Le succès de la destination Maurice s’est construit sur les « repeaters » pour qui la distance et le prix ne pèsent pas beaucoup quand il s’agit d’opter pour notre île pour leurs vacances. Certes, ces « repeaters » diminuent au fil des ans en raison de l’âge et il importe de voir comment fidéliser les nouveaux voyageurs toujours avides d’expériences nouvelles dans le plus de destinations possible. Le défi est encore plus grand quand on sait que le voyage fait face aujourd’hui aux enjeux de l’urgence climatique et est pointé du doigt pour son taux d’émission carbone élevé. Autre défi qui attend le nouveau ministre, c’est l’épineux dossier du AirBnB. Son prédécesseur a déjà demandé une étude auprès de la Tourism Authority sur ce secteur non-réglementé qui, tout en bénéficiant des campagnes promotionnelles de Maurice, n’y contribue nullement et serait possiblement une des causes de la baisse des recettes avec des prix cassés.
Notre nouveau ministre gagnerait aussi à plancher sur les formations dispensées dans le secteur mais aussi les industries qui gravitent autour.

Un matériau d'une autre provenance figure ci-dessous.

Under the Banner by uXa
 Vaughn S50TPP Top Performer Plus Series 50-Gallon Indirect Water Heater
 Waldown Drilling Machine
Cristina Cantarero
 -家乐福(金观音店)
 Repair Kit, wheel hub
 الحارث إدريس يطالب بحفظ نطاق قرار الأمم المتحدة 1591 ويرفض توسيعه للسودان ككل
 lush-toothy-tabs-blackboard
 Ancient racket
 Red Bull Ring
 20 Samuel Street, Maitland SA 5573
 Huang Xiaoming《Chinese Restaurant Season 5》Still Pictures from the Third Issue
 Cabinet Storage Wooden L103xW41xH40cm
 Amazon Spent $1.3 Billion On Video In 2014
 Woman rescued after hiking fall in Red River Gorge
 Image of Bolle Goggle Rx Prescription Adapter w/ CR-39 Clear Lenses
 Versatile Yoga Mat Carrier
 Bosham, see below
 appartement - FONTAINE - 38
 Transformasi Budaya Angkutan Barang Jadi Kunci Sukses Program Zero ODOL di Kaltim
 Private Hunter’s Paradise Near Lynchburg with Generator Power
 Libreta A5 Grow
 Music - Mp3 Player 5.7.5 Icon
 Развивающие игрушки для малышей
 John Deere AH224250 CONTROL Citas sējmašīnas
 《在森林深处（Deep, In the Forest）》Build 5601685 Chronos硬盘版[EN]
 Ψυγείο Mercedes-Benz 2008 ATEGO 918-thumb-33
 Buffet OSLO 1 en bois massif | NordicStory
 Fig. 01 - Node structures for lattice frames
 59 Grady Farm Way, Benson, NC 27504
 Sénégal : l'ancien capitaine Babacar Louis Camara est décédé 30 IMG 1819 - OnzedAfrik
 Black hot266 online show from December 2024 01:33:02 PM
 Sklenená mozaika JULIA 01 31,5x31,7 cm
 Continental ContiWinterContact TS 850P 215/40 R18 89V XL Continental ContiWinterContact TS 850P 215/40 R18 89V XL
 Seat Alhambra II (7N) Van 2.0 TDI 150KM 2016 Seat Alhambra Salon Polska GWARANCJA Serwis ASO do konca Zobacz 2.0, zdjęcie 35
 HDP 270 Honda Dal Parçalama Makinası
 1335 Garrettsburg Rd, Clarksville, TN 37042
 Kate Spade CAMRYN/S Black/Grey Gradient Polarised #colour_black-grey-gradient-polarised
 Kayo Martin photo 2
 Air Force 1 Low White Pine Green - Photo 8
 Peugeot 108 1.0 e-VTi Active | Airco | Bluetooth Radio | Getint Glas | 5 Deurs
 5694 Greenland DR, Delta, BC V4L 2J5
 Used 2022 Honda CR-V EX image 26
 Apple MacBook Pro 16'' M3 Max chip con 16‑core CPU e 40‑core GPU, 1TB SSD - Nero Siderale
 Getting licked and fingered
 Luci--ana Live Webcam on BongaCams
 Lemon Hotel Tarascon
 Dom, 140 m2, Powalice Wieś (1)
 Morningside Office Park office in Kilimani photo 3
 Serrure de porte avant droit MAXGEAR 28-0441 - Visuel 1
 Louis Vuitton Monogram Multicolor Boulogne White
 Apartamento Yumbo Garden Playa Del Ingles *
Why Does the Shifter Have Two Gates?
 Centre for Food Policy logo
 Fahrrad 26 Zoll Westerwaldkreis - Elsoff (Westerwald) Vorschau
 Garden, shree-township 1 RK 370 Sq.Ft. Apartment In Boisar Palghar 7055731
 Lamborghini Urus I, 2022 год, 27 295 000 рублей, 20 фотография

L’exode de nos compétences temporaires ou permanentes affecte beaucoup l’industrie et le niveau des prestations.
Voilà quelques-uns des dossiers qui nous semblent prioritaires parmi tous ceux que les acteurs de l’industrie vont sans doute lui mentionner, tout comme leur souhait que le plan stratégique mis en place en 2018 après de longues discussions ne soit pas abandonné.
Le discours programme prévu fin décembre/début janvier nous donnera probablement des réponses là-dessus. En attendant, nous vous souhaitons à tous de bonnes fêtes et une belle année 2020.